In the book “How to Measure Anything,” Douglas Hubbard encourages working from four assessment assumptions: (1) your problem is not as unique as you think, (2) you have more data than you think, (3) you need less data than you think, and (4) an adequate amount of new data is more accessible than you think (Wiley: 2010, 32). Taking these as are our starting points, the Library’s Discovery and Delivery Study Team at the University of Illinois at Urbana-Champaign has formulated an evidence-based framework for decision-making relative to future system development. The assessment framework includes:
- A systematic review of the published literature on discovery as well as reports issued by other libraries documenting their decision-making criteria and white papers and reports from the vendor community.

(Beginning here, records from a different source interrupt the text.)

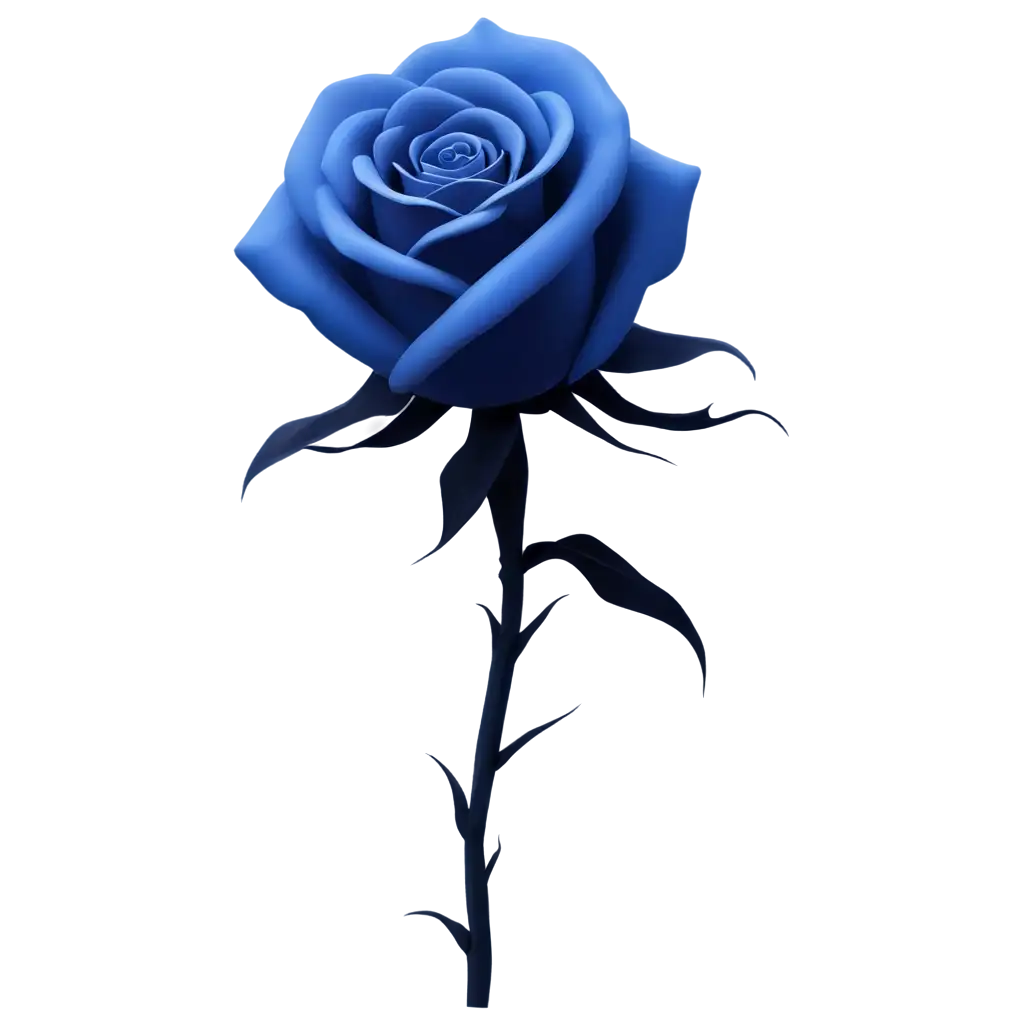 Minimalistic-Dark-Fantasy-Art-of-a-Blue-Rose-HighQuality-PNG-Image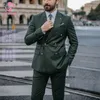 Erkekler Klasik İnce Fit Çift Krufized Smokin için Erkekler İçin Özelleştirilmiş 2 Parçalı Pantolon Set Düğün Blazer Terno Maskulino Tamam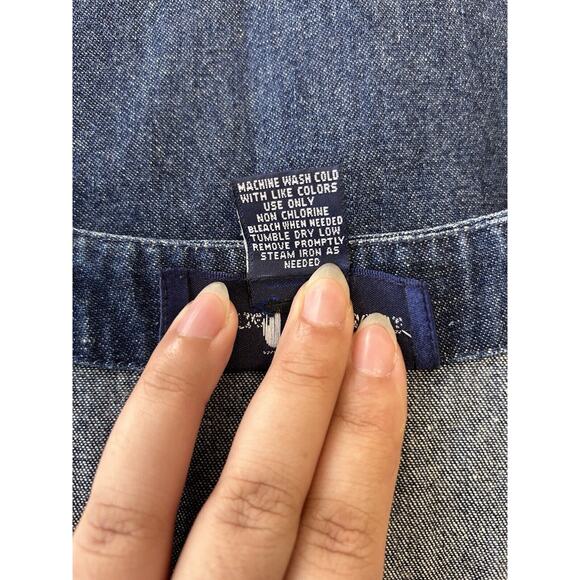 Vintage Ty Original Wear Womens Denim Button Up Candy Cane Dress Womens Size 8P - Picture 6 of 9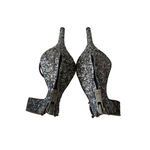 Joie  Pewter Silver Metallic Glitter Dress Heels Size 36 Photo 5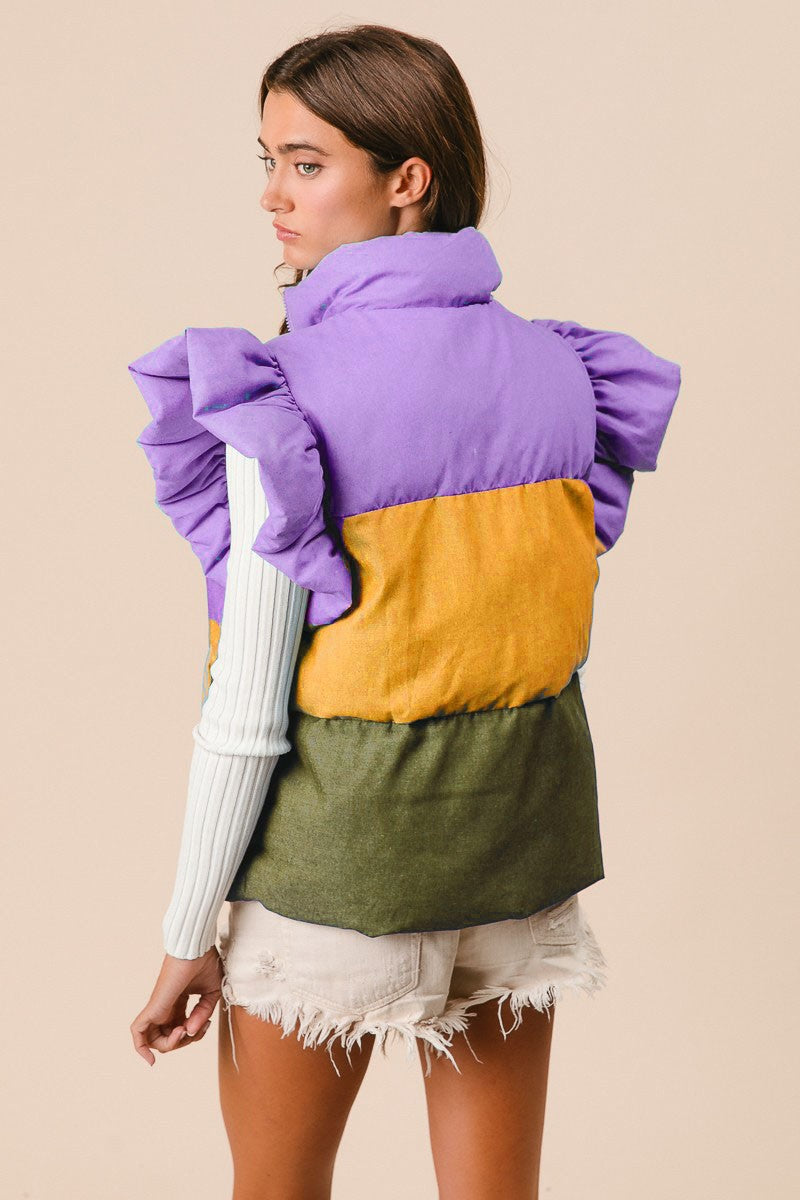 MARDI GRAS BLOCK PUFFER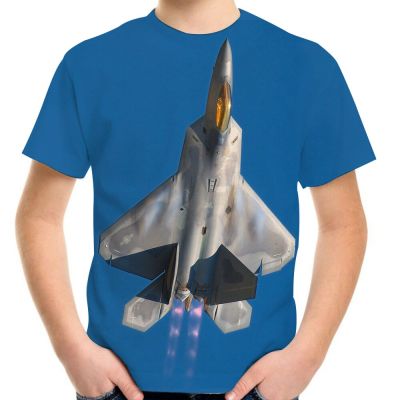 US-Air Force F22 Raptor Stealth Fighter Printed T-Shirt For Girl Boy Summer 4-20Y Children Cool 3D T Shirt Kids Baby Tshirt Tops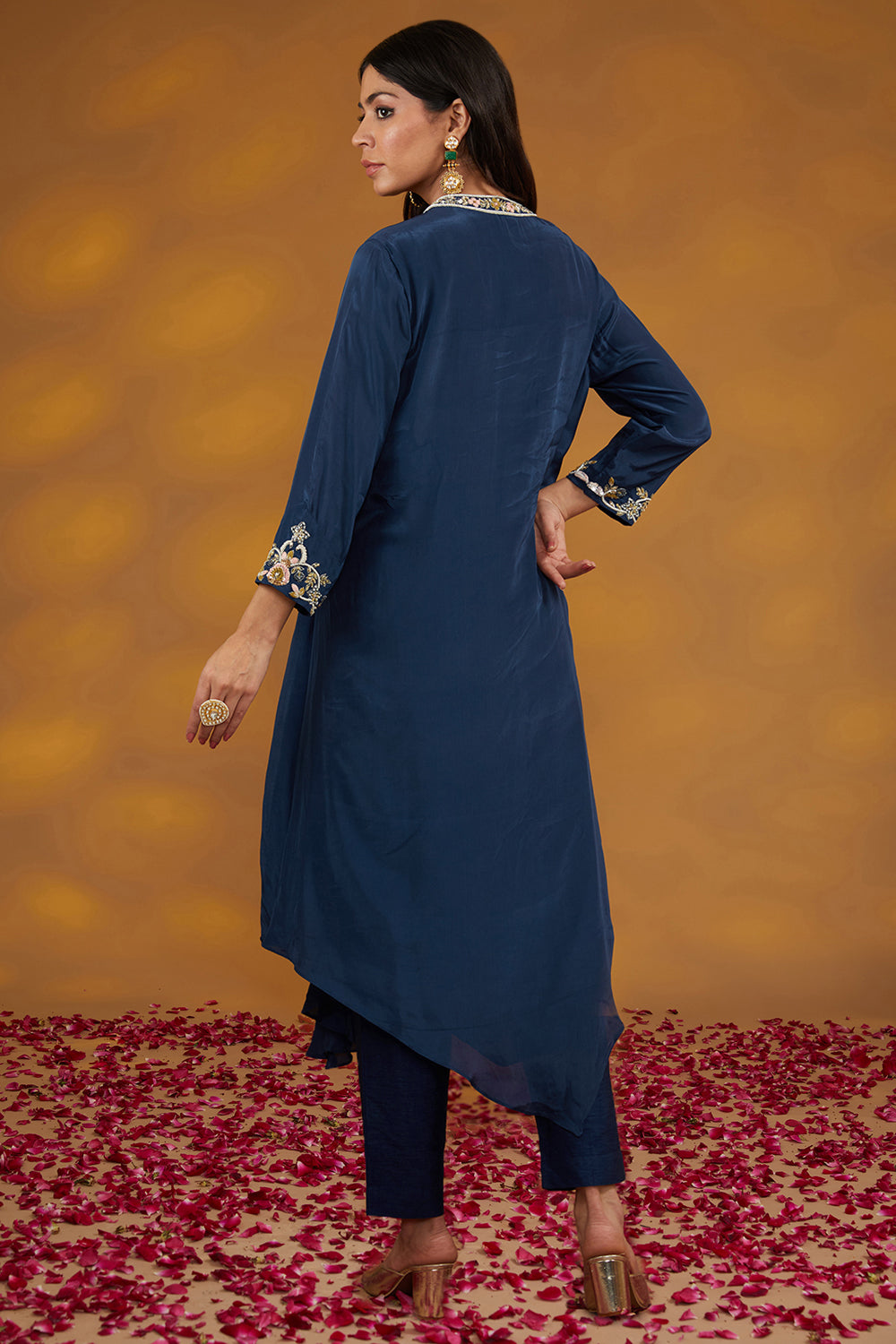 Blue Crepe Hand Embroidered Co-Ord Set - Auraya Fashion 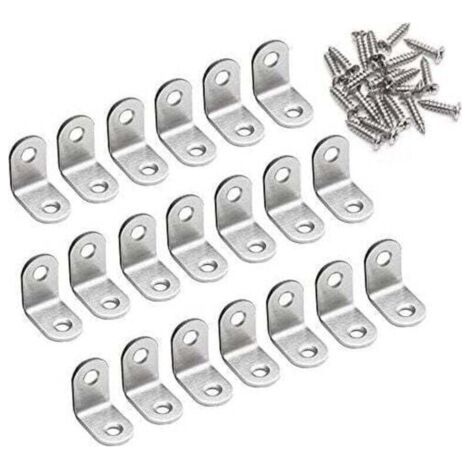 Equerre de Fixation 90 Degré Angle Droit Support 20 x 20 x 16mm forme de L Metalliques Equerres de Coin en Acier Inox Supporen pour Bois Meubles Placard Support 20 Pièces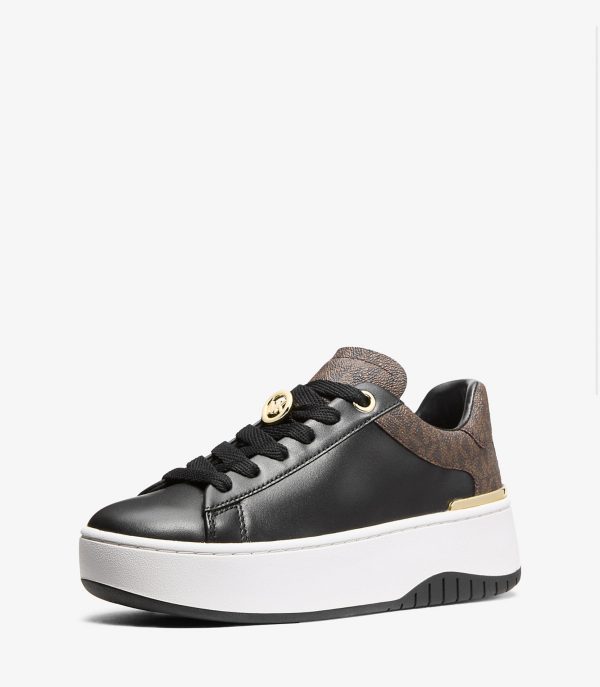 New collection MICHAEL KORS DOTTIE LEATHER AND SIGNATURE LOGO SNEAKER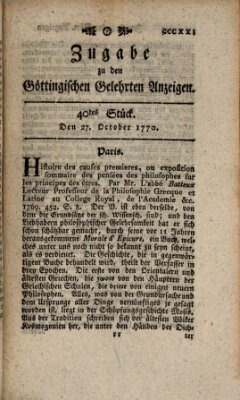 Göttingische Anzeigen von gelehrten Sachen. Zugabe (Göttingische Zeitungen von gelehrten Sachen) Samstag 27. Oktober 1770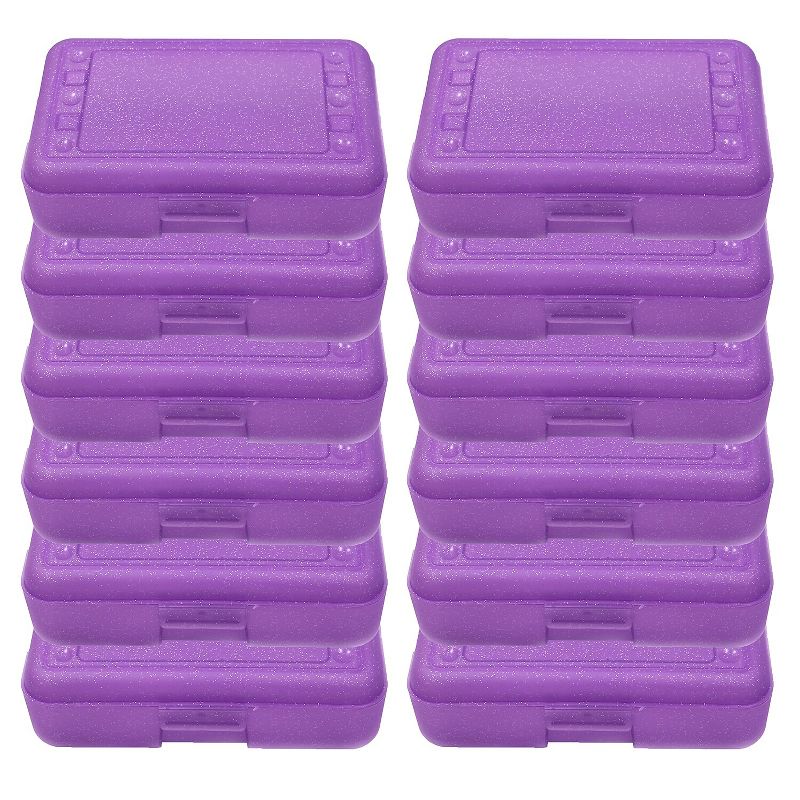 Romanoff Products Romanoff Plastic Latch Pencil Case Purple Sparkle Pack of 12 (ROM60286-12), 1 of 3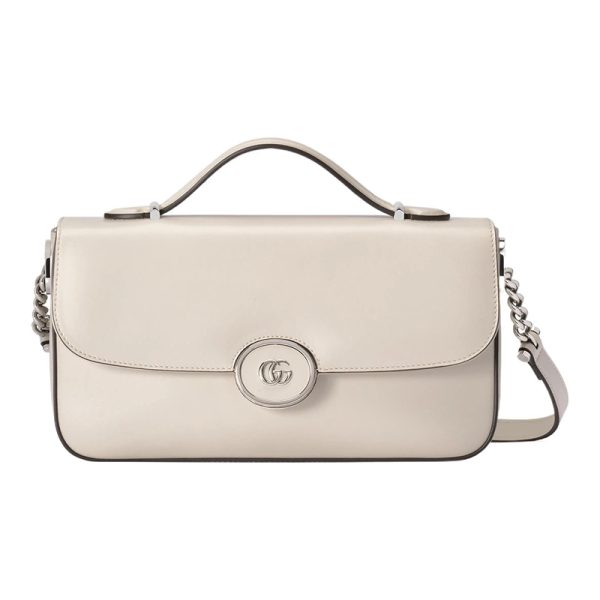 Gucci white leather crossbody shoulder bag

- Synthesis and analysis of the user perspective and practices data gather through local user surveys over the past decade (Graduate/Professional Survey, 2004; Undergraduate Survey, 2005; Faculty/Staff Survey, 2006; LibQUAL, 2008; Ithaka Faculty Survey, 2013; and LibQUAL Lite, 2014).
- Extracting themes, values, and priorities as well as testing approaches and system problems documented in the Library’s reports on implementing the WebFeat federated search system (2005-2006), developing and deploying Easy Search, a locally-developed and supported broadcast search, search assistance, and recommender system (2006-present), and piloting Primo (2011-2014).
- Analysis of user search behavior, search types, and use of assistance features through Easy Search logs (2010-present).
This session will present both our methodologies for each type of assessment as well as highlight our findings and the future to which they direct our attention and actions. Session attendees will find value in the methodologies, which can be adopted and adapted for other institutional settings, as well as our findings, including identification of ways in which the Illinois user community is similar to and/or different from national trends.